DNA methylation and hydroxymethylation dynamics in the aging brain and its impact on ischemic stroke 衰老脑中的DNA甲基化和羟甲基化动力学及其对缺血性脑卒中的影响

IF 4.4 3区医学 Q2 BIOCHEMISTRY & MOLECULAR BIOLOGY

Neurochemistry international

Pub Date : 2025-09-01 Epub Date: 2025-06-11 DOI: 10.1016/j.neuint.2025.106007

Vijay Arruri , Pallavi Joshi , Raghu Vemuganti

DNA methylation and hydroxymethylation patterns at the 5th carbon of cytosine (5mC and 5hmC) in CpG dinucleotides tightly regulate gene transcription in normal physiology, aging, and associated diseases, including ischemic stroke. Resilience to ischemic brain injury depends on the interplay of diverse neural and non-neural cell types, whose gene expression and identity are predominantly regulated by brain-enriched epigenetic mechanisms, particularly the dynamics of 5mC and 5hmC in response to changing transcriptional demands under ischemic stress.
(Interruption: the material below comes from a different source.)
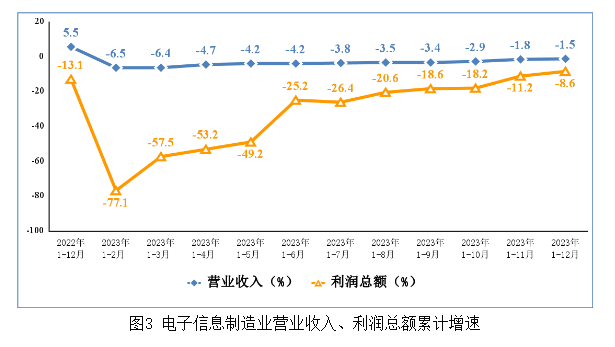 電子信息制造業營業收入、利潤總額累計增速 電子信息制造業營業收入、利潤總額累計增速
In this review, we discussed the role of 5mC and 5hmC in aging and the pathophysiology of stroke. Given the high degree of inter-individual variability in stroke studies and its multifactorial etiology, we emphasize the need for personalized, temporally controlled, epigenome-based therapies to improve stroke outcomes.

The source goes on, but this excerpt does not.